House debates

Thursday, 12 March 2009

Adjournment

Capricornia Electorate: Telecommunications

12:36 pm

Photo of Kirsten LivermoreKirsten Livermore (Capricornia, Australian Labor Party) Share this | | Hansard source

I draw to the House’s attention the concerns of constituents of mine, the Watts family of Mirani. Patty Watts and her family are frustrated, and for good reason. On 13 January they woke to find that their landline phone had gone dead. Since then, they have been locked in an ongoing battle with Telstra to fix the underground cable delivering phone service to their home on Watts Road. This battle is to restore not only their own phone but also the phones of five other farm houses on the road. They have been without a landline since then, and they are dealing with patchy mobile reception, which has put pressure on running their farm business.

When I rang the Watts family this morning, I reached them only because Patty was outside hanging the washing on the line. She receives mobile service only in a small area of her backyard, and she has to leave her phone near the Hills hoist so that it will receive calls. It makes for a frustrating life: having your landline diverted to your mobile but having only marginal mobile reception. Patty Watts constantly has to go outside to check her phone for missed calls and voice and text messages. Then, when she is on the phone to Telstra attempting to communicate her frustration, the phone battery goes flat because she is kept on hold so long.

Patty tells me that one time when she had to speak to Telstra, she drove her car down the road because she had to use the car’s phone charger to keep the battery alive—that is how long they kept her on hold. She has had to speak to Telstra so often and for so long—to people in call centres all over the country—that at one point she was reduced to tears of frustration. Telstra has now told the Watts family that it will fix the problem on 24 April. It is a disgrace. That is still more than a month away and it will be three months from when their line first went dead. This is just to repair 10 metres of cable that is water damaged.

What have Telstra been doing since 13 January and for the last two months? Why is it taking so long? Neither the Watts family nor my office can get a clear answer from Telstra on these simple questions. Last year, the service on Watts Road was out for eight weeks with similar problems. With young children and elderly people in the area, and the road being more than 50 kilometres from Mackay, there are also safety concerns that arise from the phone being out of service for so long.

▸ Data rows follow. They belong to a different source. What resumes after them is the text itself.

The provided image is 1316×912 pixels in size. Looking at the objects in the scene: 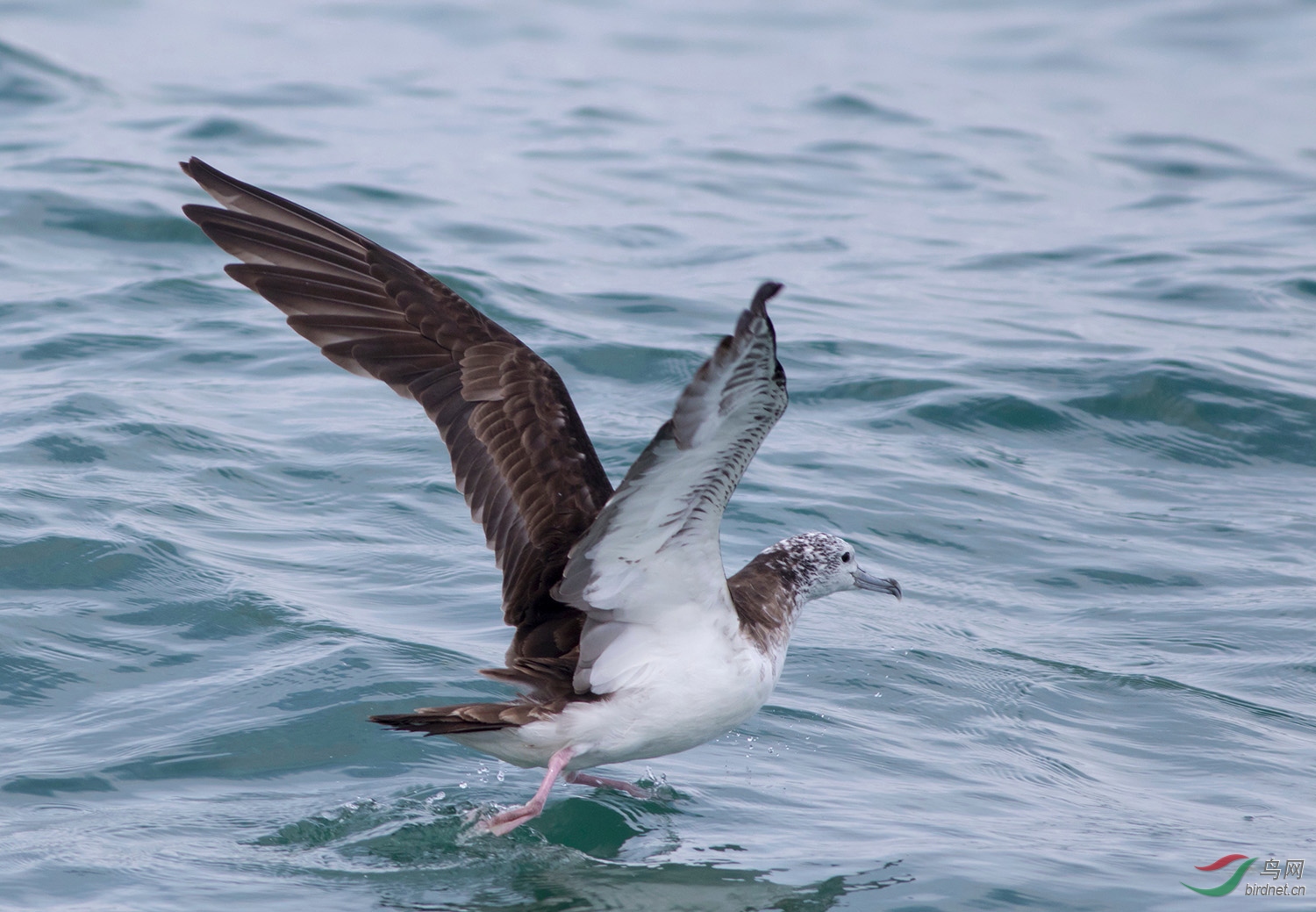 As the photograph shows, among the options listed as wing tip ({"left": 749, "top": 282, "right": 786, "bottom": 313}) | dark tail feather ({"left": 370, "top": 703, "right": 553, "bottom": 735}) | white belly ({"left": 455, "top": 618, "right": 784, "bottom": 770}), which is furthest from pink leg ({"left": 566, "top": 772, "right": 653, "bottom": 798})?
wing tip ({"left": 749, "top": 282, "right": 786, "bottom": 313})

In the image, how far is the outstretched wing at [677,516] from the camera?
4418mm

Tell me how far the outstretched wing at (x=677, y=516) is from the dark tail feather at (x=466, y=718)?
27 cm

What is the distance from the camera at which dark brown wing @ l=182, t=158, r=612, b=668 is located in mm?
6285

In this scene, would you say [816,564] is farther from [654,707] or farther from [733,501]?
[733,501]

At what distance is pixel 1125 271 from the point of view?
1402cm

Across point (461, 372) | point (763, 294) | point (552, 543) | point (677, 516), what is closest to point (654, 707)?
point (552, 543)

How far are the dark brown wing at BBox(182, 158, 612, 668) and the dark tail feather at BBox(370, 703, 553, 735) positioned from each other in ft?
1.22

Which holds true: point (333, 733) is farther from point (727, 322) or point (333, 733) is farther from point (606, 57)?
point (606, 57)

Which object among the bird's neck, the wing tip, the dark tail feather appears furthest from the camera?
the bird's neck

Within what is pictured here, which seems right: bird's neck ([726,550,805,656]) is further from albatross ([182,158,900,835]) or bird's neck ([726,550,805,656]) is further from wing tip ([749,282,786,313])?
wing tip ([749,282,786,313])

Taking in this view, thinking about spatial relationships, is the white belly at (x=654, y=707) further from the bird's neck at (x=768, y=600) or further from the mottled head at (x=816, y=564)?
the mottled head at (x=816, y=564)

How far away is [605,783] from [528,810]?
0.73 m

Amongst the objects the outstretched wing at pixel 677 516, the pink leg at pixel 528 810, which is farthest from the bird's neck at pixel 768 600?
the pink leg at pixel 528 810

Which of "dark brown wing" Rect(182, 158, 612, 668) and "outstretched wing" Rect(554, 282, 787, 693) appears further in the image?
"dark brown wing" Rect(182, 158, 612, 668)
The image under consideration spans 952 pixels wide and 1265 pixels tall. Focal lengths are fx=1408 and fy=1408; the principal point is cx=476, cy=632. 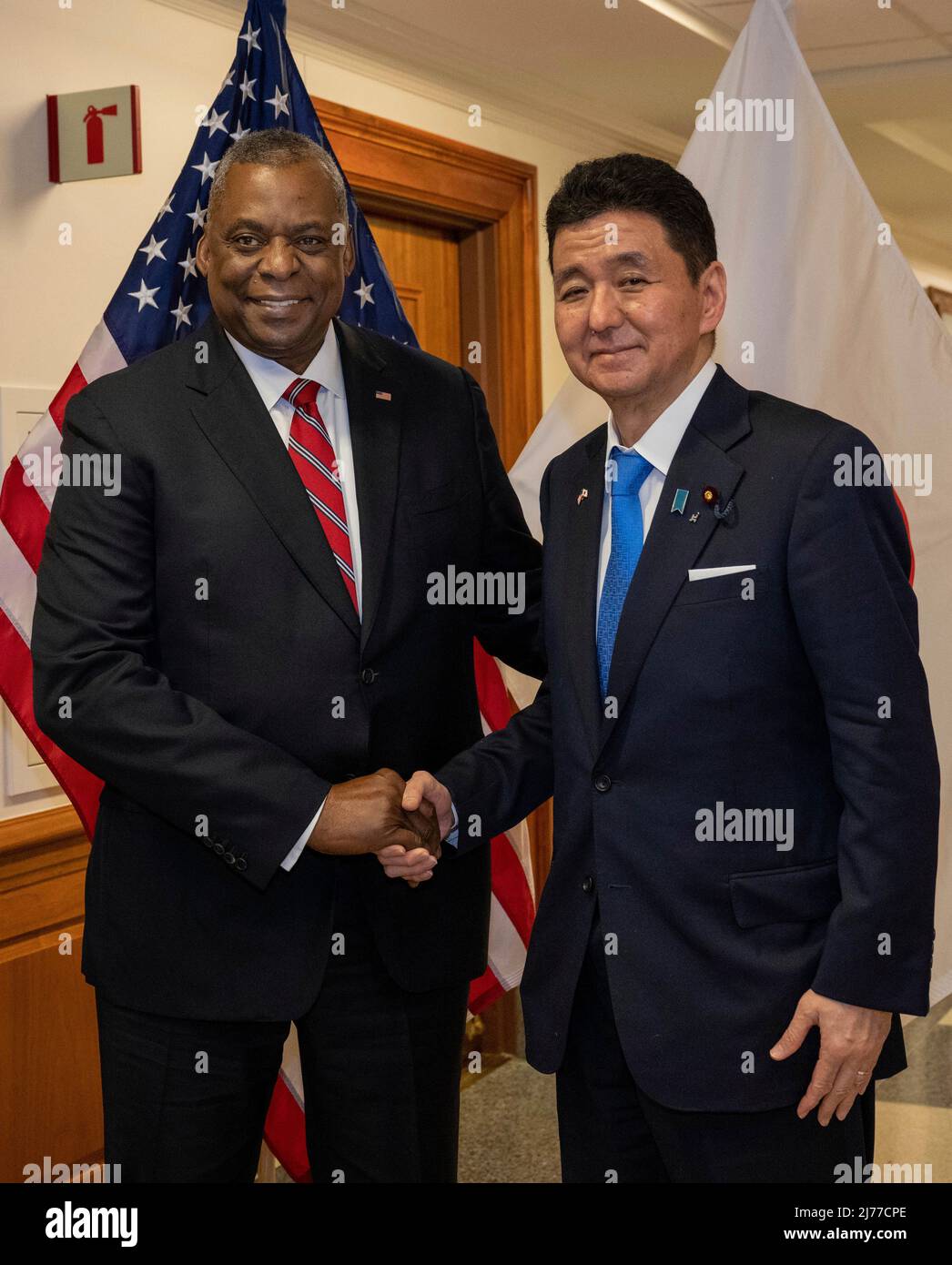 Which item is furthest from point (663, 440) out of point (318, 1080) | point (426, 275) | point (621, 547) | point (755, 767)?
point (426, 275)

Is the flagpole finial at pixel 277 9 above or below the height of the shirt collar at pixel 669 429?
above

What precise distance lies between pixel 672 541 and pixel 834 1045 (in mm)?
536

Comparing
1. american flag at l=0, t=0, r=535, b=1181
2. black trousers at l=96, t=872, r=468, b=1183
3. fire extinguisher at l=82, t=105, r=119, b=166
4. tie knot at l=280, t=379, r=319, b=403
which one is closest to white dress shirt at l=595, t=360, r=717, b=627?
tie knot at l=280, t=379, r=319, b=403

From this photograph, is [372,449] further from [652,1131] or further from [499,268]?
[499,268]

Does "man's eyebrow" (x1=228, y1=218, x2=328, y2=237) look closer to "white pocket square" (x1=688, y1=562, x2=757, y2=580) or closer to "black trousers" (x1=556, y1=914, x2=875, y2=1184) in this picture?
"white pocket square" (x1=688, y1=562, x2=757, y2=580)

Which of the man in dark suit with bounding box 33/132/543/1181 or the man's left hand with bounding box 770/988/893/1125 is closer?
the man's left hand with bounding box 770/988/893/1125

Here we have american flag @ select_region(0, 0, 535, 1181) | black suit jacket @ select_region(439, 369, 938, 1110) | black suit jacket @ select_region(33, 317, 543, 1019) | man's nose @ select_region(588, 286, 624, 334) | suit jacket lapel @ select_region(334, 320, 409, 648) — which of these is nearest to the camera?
black suit jacket @ select_region(439, 369, 938, 1110)

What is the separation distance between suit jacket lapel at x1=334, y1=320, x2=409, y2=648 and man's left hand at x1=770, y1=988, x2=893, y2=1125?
659 millimetres

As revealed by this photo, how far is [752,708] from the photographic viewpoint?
144 centimetres

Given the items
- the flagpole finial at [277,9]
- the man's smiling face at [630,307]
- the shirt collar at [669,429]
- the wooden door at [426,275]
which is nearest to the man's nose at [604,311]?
the man's smiling face at [630,307]

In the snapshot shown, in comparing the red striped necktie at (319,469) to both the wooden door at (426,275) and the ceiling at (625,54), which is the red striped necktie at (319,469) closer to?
the ceiling at (625,54)

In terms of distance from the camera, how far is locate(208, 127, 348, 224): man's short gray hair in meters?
1.70

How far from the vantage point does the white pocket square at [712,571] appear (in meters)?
1.43

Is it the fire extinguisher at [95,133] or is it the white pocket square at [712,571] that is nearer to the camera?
the white pocket square at [712,571]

Sadly, this is a blight on the record of Telstra and an example of Telstra falling short in service delivery to remote Australians. My office receives numerous calls about Telstra every week, registering similar complaints. Let me make it clear that I do not blame the techs for this. The Telstra techs—the ones who are left in the company—or the contractors they bring in can only work with what they have got. This is the result of failure at the senior levels of the company to invest in its core network. In the years leading up to privatisation and since then, the company has been concerned with propping up its balance sheet in the short term at the expense of building and maintaining its network and employing the staff needed to keep even basic services, like a landline, operating reliably. It also makes me wonder what the National Party were thinking of. It is amazing that they believed the Prime Minister back when he was making those promises that Telstra would not be privatised, would not be sold off, until telecommunications services in the bush were up to scratch. I think it would be hard to convince the Watts family at the moment that Telstra services in the bush are anything like up to scratch.

Telstra obviously has other matters on its agenda than the needs of people in rural and regional areas. Just yesterday Telstra was in the newspapers, spruiking its plan to turbocharge its broadband network. But that is only if you live in a capital city—in fact, only in certain parts of capital cities. It is a move that the papers yesterday described as cherry-picking the markets where Telstra can register the most profit. To people in regional areas it probably will not come as much of a surprise, but it is nonetheless another slap in the face from Telstra. Telstra claims on its website that its vision is to create a world of one-click, one-touch, one-button, one-screen and one-step solutions. That is nice if you live in Melbourne, but in Mirani all you get is a world of frustration.